Sincere thanks for your clear, specific answers to my questions, particularly about the Mac-Mod C18 column review, column selection, solvent, and validation of a method, including your constructive criticism.
The principal issue is that you don't even have a characterised extract, but you want to freely mine other peoples' IP as though their time has no value, and also ignore their advice. Your research appears to be minimal, your assumptions about participants abusive and woeful. You attempt to justify your behaviour by making a virtue of willful ignorance... My tolerance is somewhat less than others, because you have consistently failed to respect sensible advice.

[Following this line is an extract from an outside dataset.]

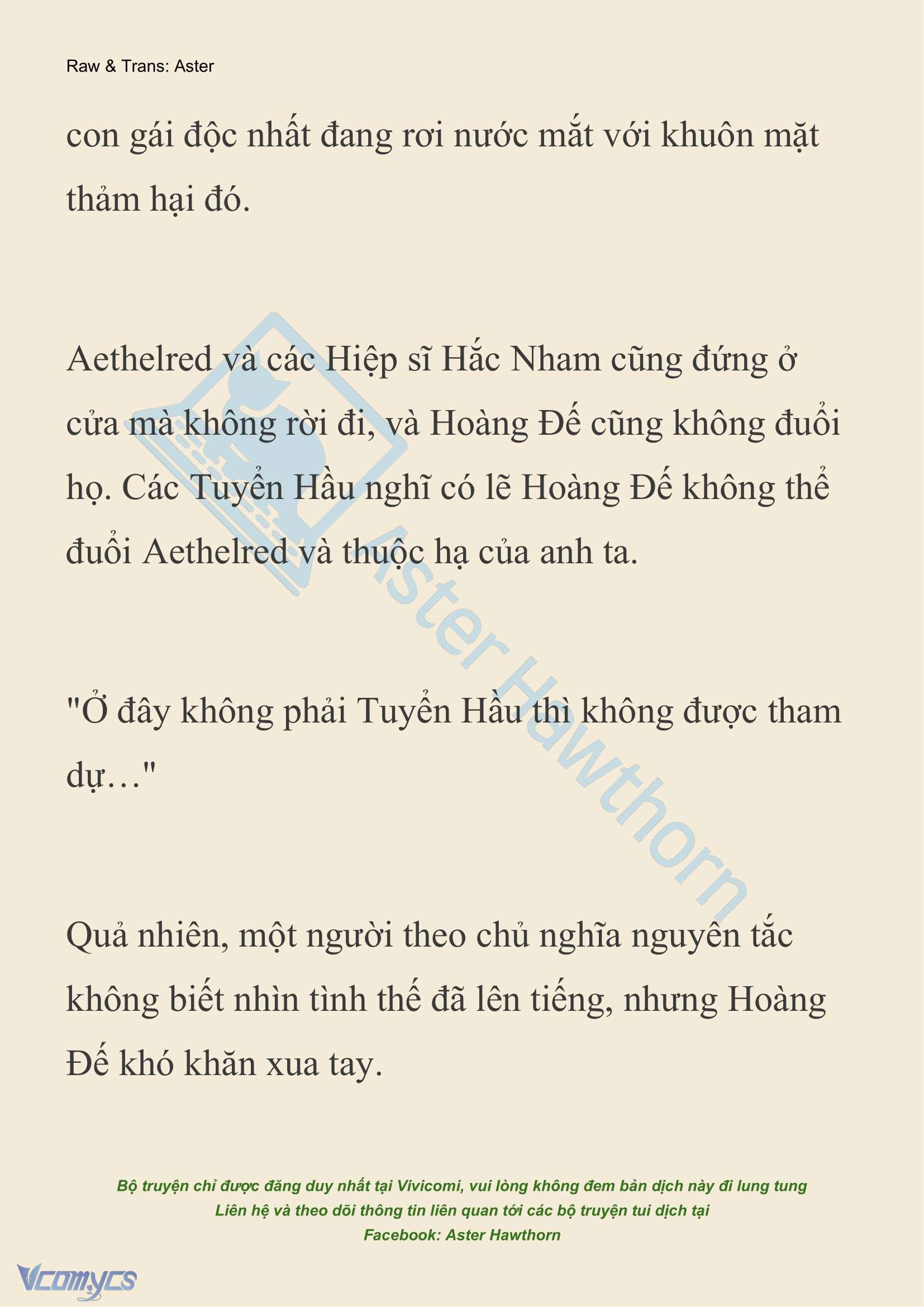 [NOVEL] Thiên Đường Của Valentina Chap 168 - Trang 2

In fact, we do have a characterized extract, so you do not know what you are talking about. I am looking for a lab, probably two, to hire, so this discussion is about the specifications to the lab on this forum. My research goes back almost two years into the molecules, so again you do not know what you are talking about. The LC details are just one piece of a puzzle, with many clues (starting points for the analysis) already published, that include UV, FTIR, MS/2, NMR, SFC, TLC, and SFE techniques. My tolerance is minimal, if you appear not to know what you are talking about and still strut around as if you were a guru or an imam. I simply am asking basic questions to understand the analysis and to expedite the analysis by contract laboratories based on knowledge of the analyte (specific lipid) and the matrix (relatively uniform apolarities). Again, and forgive me for repeating myself, but
I am also legally liable for the results, since even the accredited lab for the validation will be a subcontractor in the IND/IMPD.
As some of you point out, the Mac-Mod review is not complete and only applies to C18 columns, but seems an objective start for our application to optimize and validate
a published method based on known characteristics of the analyte, a specific lipid, and affinity with the column.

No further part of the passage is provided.